## TASK DIRECTIONS
For this exercise, the lines from the one with "PEKYBIO 20 PCS" through the final line of the data below are to be transcribed exactly, and pictures are to be skipped.

## DATASET EXCERPTS
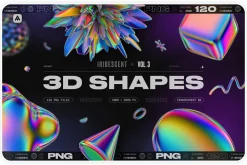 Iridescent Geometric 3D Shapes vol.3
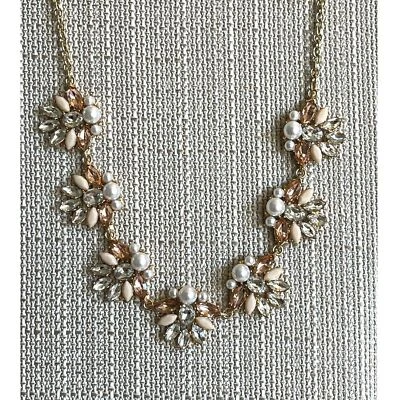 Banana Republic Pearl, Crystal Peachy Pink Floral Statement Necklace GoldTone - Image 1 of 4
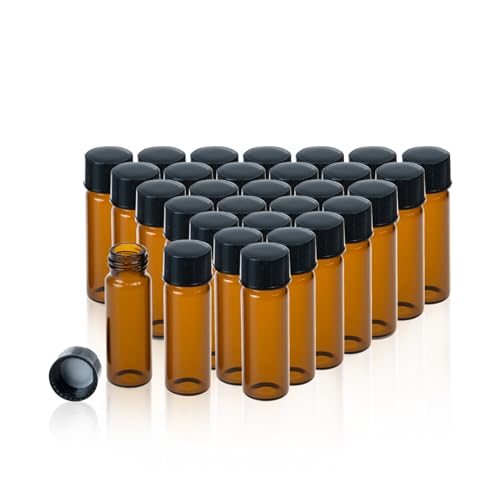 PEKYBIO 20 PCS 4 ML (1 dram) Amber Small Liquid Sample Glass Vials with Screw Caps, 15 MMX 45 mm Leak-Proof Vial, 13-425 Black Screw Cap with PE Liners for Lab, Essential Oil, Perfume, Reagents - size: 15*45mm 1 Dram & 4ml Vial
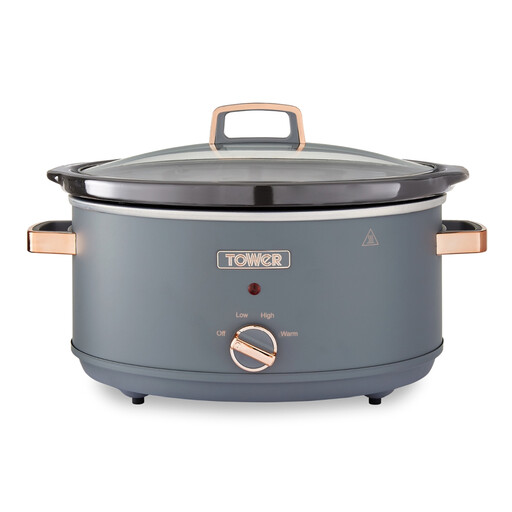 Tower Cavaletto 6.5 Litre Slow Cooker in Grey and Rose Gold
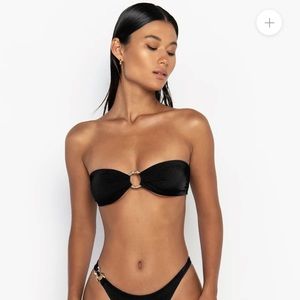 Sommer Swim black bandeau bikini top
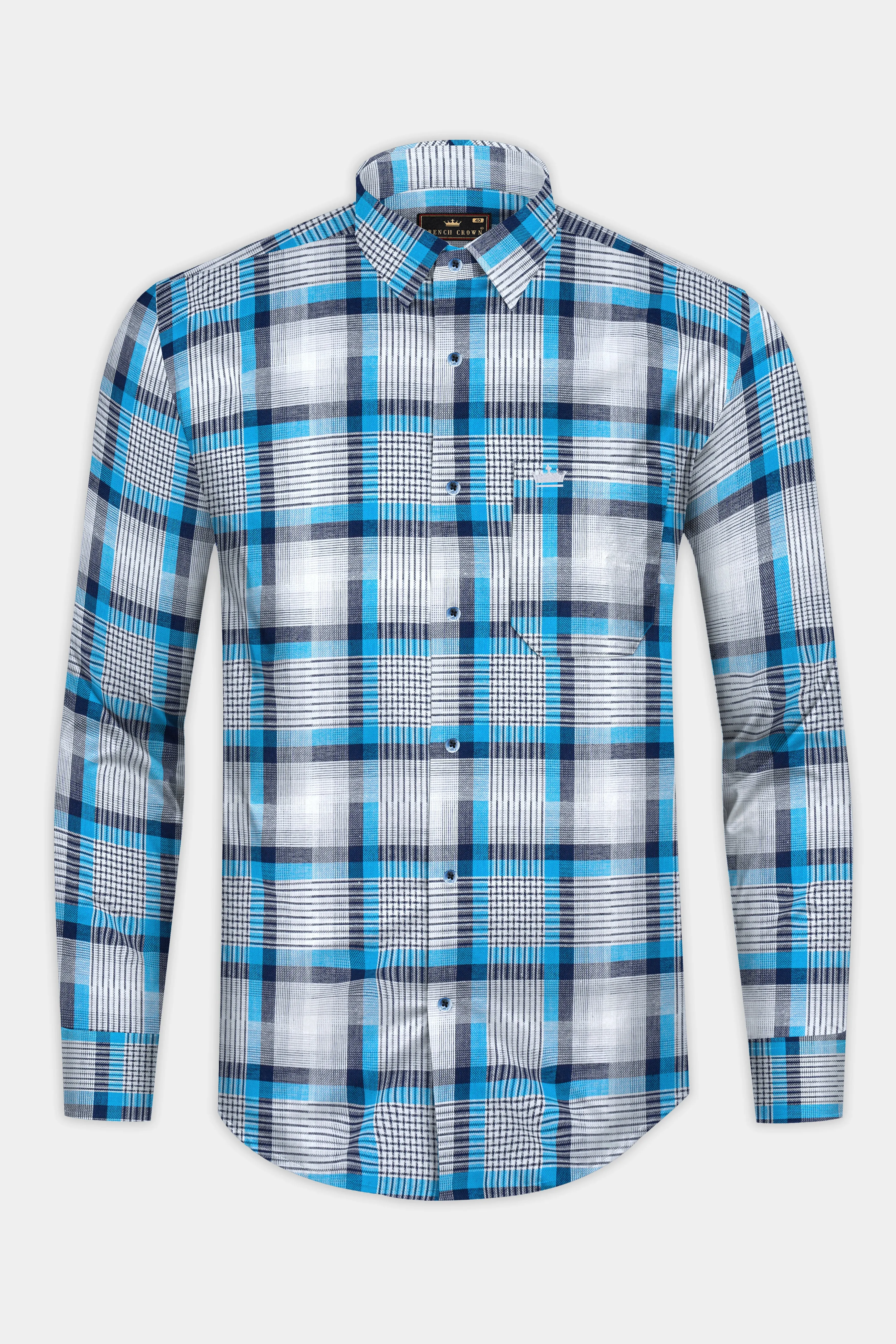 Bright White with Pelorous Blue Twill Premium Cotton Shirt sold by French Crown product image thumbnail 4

## EXERCISE RESPONSE
 PEKYBIO 20 PCS 4 ML (1 dram) Amber Small Liquid Sample Glass Vials with Screw Caps, 15 MMX 45 mm Leak-Proof Vial, 13-425 Black Screw Cap with PE Liners for Lab, Essential Oil, Perfume, Reagents - size: 15*45mm 1 Dram & 4ml Vial
 Tower Cavaletto 6.5 Litre Slow Cooker in Grey and Rose Gold
 Sommer Swim black bandeau bikini top
 Bright White with Pelorous Blue Twill Premium Cotton Shirt sold by French Crown product image thumbnail 4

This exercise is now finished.